Before getting to the closets I read Thich Nhat Hanh’s teaching that we cannot get our fathers out of us. We cannot get our mothers out of us. They are present in every cell of our bodies. Of course I knew this on a genetic level. But Thay meant more than that. He meant that they “inter-are” with us, that they are present within us. That we are them! But I had been doing exactly the opposite for the last 50 years – trying to get my father, my mother, out of me. Trying to build a life with the memory of them cut out of it.

Thay taught about conversations he had with his own father in meditation, how he would start by addressing his father as “Daddy.” I thought to myself, “Well, you didn’t have an abusive father.” I couldn’t imagine calling my father “Daddy.” But while Thay didn’t give any details, he did imply that things were difficult between him and his father. He told of the day when he finally felt inwardly at peace with his father. “Daddy,” he said, “we have succeeded.” He considered coming into peace a joint effort, and a joint achievement, that belonged to both him and his father. Because his father still lived within him.

This story flayed my heart open. I think that, even in the act of forgiving my father, I had never acknowledged the sorrow of losing “Daddy.” I noticed my one soft memory of him. I’m 6 years old and have just started first grade. I’m doing a reading assignment, and am – unusually - nestled next to him on the sofa. He has his arm around me, and he is helping me sound out the words in my Catholic school primer. I was feeling a bit traumatized by school. There were 49 other unseasoned school-children in my first-grade classroom with a teacher who had taught high school the year before, and didn't know the first thing about calming young children. I was unsure of the rules and unable to do many of the things I thought the teacher was expecting me to know, though she was probably just testing our academic skills. My father is uncharacteristically tender, and I lean in to him. I soak in his bigness, I feel safe. That is the moment I think of when I think “Daddy.” Even now, 60 years later, it brings tears.
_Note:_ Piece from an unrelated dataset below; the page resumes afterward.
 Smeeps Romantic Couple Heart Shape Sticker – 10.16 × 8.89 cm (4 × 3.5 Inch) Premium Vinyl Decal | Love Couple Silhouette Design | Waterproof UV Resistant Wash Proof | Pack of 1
So today I found this ring in the bottom of an old jewelry box, an opal ring with one small emerald chip – there used to be two – which my father had made for me while at the height of his lapidary hobby in the early 1970s. I hadn’t been able to wear it all of these years. But today I unaccountably slid it on my finger. Then I went to Quaker meeting for worship.
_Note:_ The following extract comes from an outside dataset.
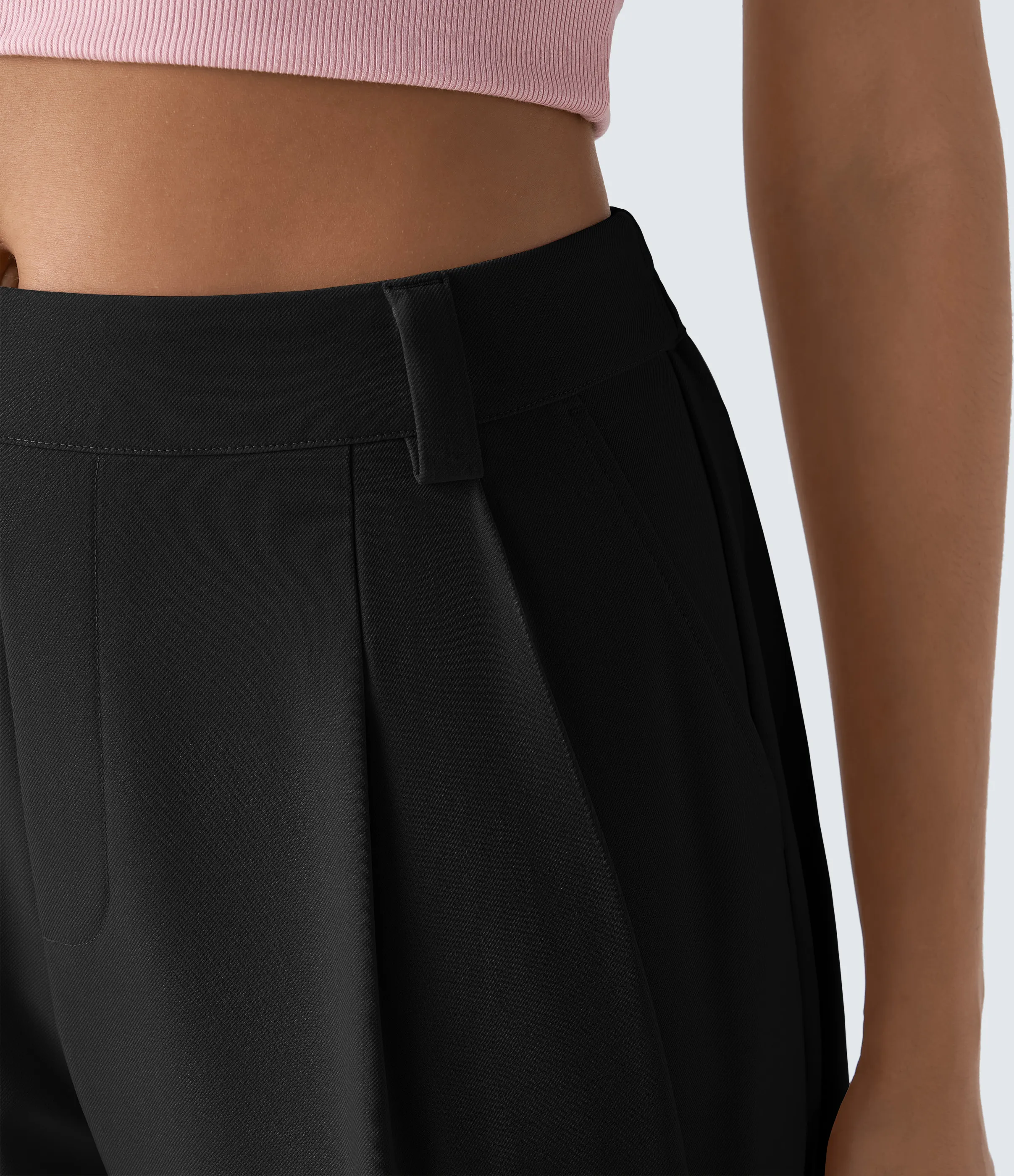 Halara Pantalón oficina pierna barril bolsillo lateral plisado tiro medio - Black - L(regular) sold by Halara product image thumbnail 5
In the silent, waiting worship God showed me that I had taken a cutting from the family tree and transplanted it into good soil, tending it and fertilizing it. I had not cut out my parents from my life. I had taken a cutting from our shared family tree! This new tree has so much more health than the tree from which I took the cutting. What I understood this morning in worship, in a way I had not before fully appreciated, is that the healing that has occurred in my transplanted branch of the family tree has also helped to heal the whole family tree, because that lineage lives on in the new tree. Christ has helped me, through the teaching of a Buddhist monk, to reconnect with that moment on the couch when my father helped me to read, and to feel the truth that this loving Daddy also lives within me, alongside the wounded Daddy parts that have and continue to be healed.
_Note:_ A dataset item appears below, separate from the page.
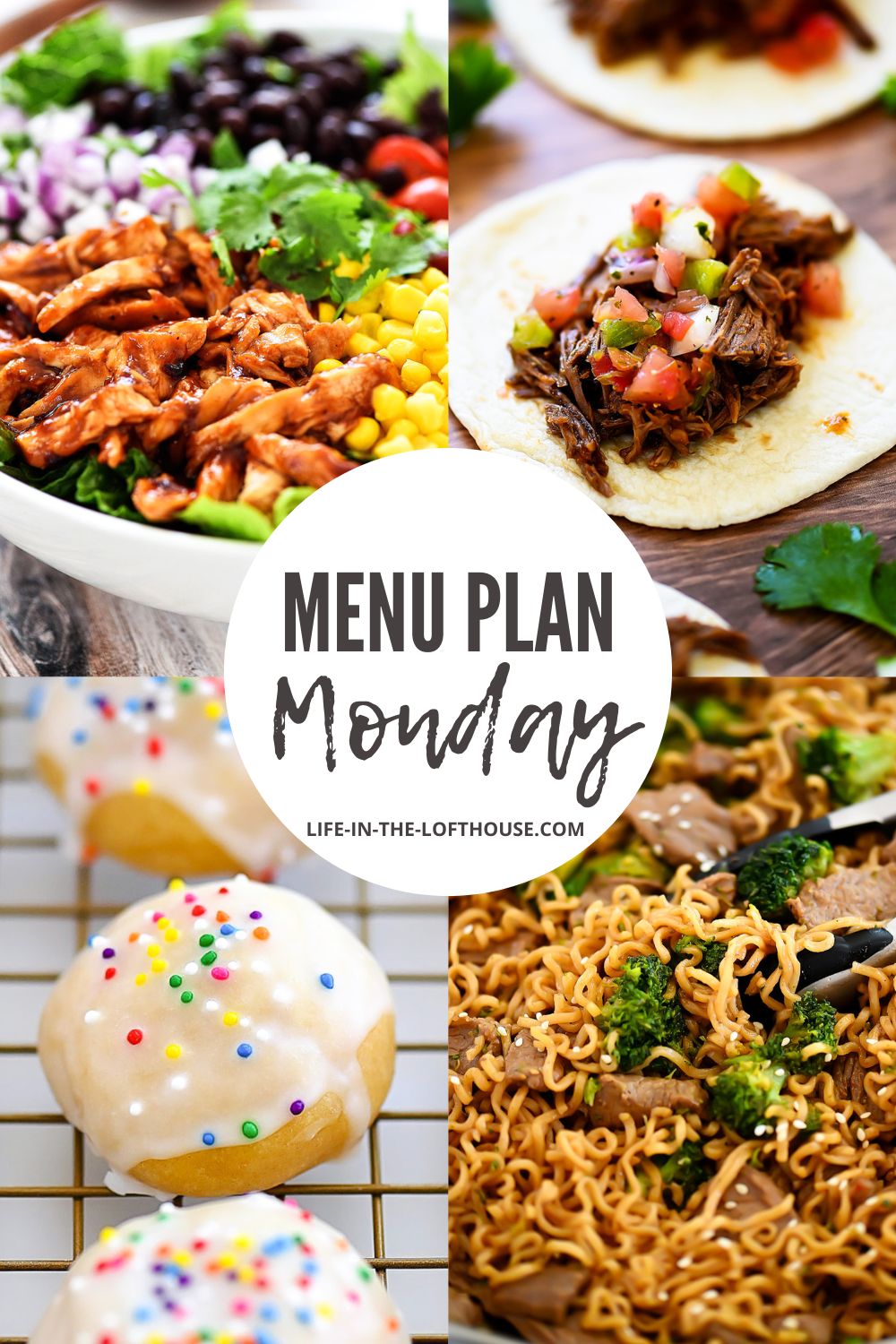 Menu Plan Monday is a list of six dinners and one dessert.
I can now wear the ring he gave me, and feel gratitude to God and to Life for returning my father to me, for the ongoing healing of a lineage in me and my children and their children. I don’t know if I will replace the lost emerald chip. It reminds me of the wounded Daddy who could not always be a good Daddy to his daughter. But it sits alongside the light-filled brightness of the opal - his inward desire to be good, to be tender, to be patient. I am grateful for this Buddhist teacher, who learned how to open his heart to the Daddy within and is teaching me to do the same. I am grateful to the Christ, who led me in learning to love my children, and who led my brother back to me, and me to him. I am grateful to the Creator, who “don’t make no junk.”

May your new year be filled with the transformations that expand hearts and minds. Blessings to you.